Original research
Nlrc3-like is required for microglia maintenance in zebrafish

https://doi.org/10.1016/j.jgg.2019.06.002Get rights and content

Abstract

Microglia are tissue-resident macrophages residing in the central nervous system (CNS) and play critical roles in removing cellular debris and infectious agents as well as regulating neurogenesis and neuronal activities. Yet, the molecular basis underlying the establishment of microglia pool and the maintenance of their homeostasis in the CNS remain largely undefined. Here we report the identification and characterization of a mutant zebrafish, which harbors a point mutation in the nucleotide-binding oligomerization domain (NOD) like receptor gene nlrc3-like, resulting in the loss of microglia in a temperature sensitive manner. Temperature shift assay reveals that the late onset of nlrc3-like deficiency leads to excessive microglia cell death. Further analysis shows that the excessive microglia death in nlrc3-like deficient mutants is attributed, at least in part, to aberrant activation of canonical inflammasome pathway. Our study indicates that proper regulation of inflammasome cascade is critical for the maintenance of microglia homeostasis.

Introduction

Microglia are tissue-resident macrophages that reside in the central nervous system (CNS) (Barron, 1995; Hanisch and Kettenmann, 2007; Davoust et al., 2008). Recent studies have suggested that in addition to functioning as scavengers to remove cellular debris and infectious agents in the CNS, microglia are involved in many other biological processes including neurotrophic factor synthesis, synaptic pruning, and neuronal activity modulation (Trang et al., 2011; Li et al., 2012b; Nayak et al., 2014). Despite the extensive studies in the past decades, the molecular basis governing the development of microglia and their homeostasis remain largely undefined.
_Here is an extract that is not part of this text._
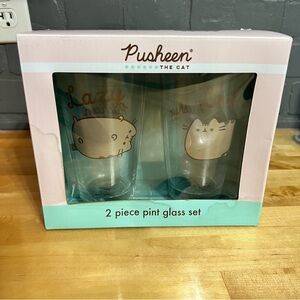 New in Box Pusheen The Cat LAZY & LOAF Set Of 2 Pint Glasses Drinkware Set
The NOD-like receptors (nucleotide-binding oligomerization domain like receptors, NLRs) are a class of intracellular receptors that recognize pathogen-associated molecular patterns (PAMPs) and danger-associated molecular patterns (DAMPs) (Kawai and Akira, 2009). Most of these receptors contain three function domains: an N-terminal effector domain mediating the activation of downstream signaling; a central NOD or NACHT domain (neuronal apoptosis inhibitor protein (NAIP), major histocompatibility complex class II transactivator (CIITA), incompatibility locus protein from Podospora anserina (HET-E), and telomerase-associated protein (TP1) domain) necessary for self-oligomerization; and a C-terminal leucine rich repeat (LRR) domain responsible for sensing upstream stimuli (Chen et al., 2009). Based on the type of N-terminal effector domain, NLR family is divided into 4 subfamilies, namely NLRA (A for acidic activation domain), NLRB (B for BIR – baculovirus inhibitory repeat), NLRC (C for CARD – caspase-activating and recruitment domain) and NLRP (P for PYD – pyrin domain) (Chen et al., 2009). Upon recognition of DAMPs and PAMPs, the NLR proteins oligomerize and recruit apoptosis-associated speck-like protein containing a caspase recruitment domain (ASC) and caspase-1 to form cytoplasmic multi-protein complexes known as inflammasomes, which leads to the activation of caspase-1, release of proinflammatory cytokines and pyroptotic cell death (Miao et al., 2011; Latz et al., 2013; Lamkanfi and Dixit, 2014). Unlike other NLR proteins, NLRP10 contains a PYD and a NACHT domain but lacks the C-terminal LRR domain (Wang et al., 2004; Damm et al., 2013), suggesting it has a distinctive role in the inflammasome activation. Indeed, both in vitro and in vivo ectopic overexpression assay has indicated that NLRP10 likely functions as a negative regulator during inflammasome activation through sequestering ASC in the cytoplasm (Wang et al., 2004; Imamura et al., 2010). Consistent with this notion, a recent study in zebrafish has shown that the inactivation of NOD-like receptor Nlrc3-like, which, like NLRP10, consists of a PYD and a NACHT but lacks the LRR domain, causes a systemic inflammatory activation of peripheral macrophages, thereby preventing peripheral macrophages from migrating into the brain (Shiau et al., 2013). However, whether Nlrc3-like is required for the maintenance of microglia is unclear.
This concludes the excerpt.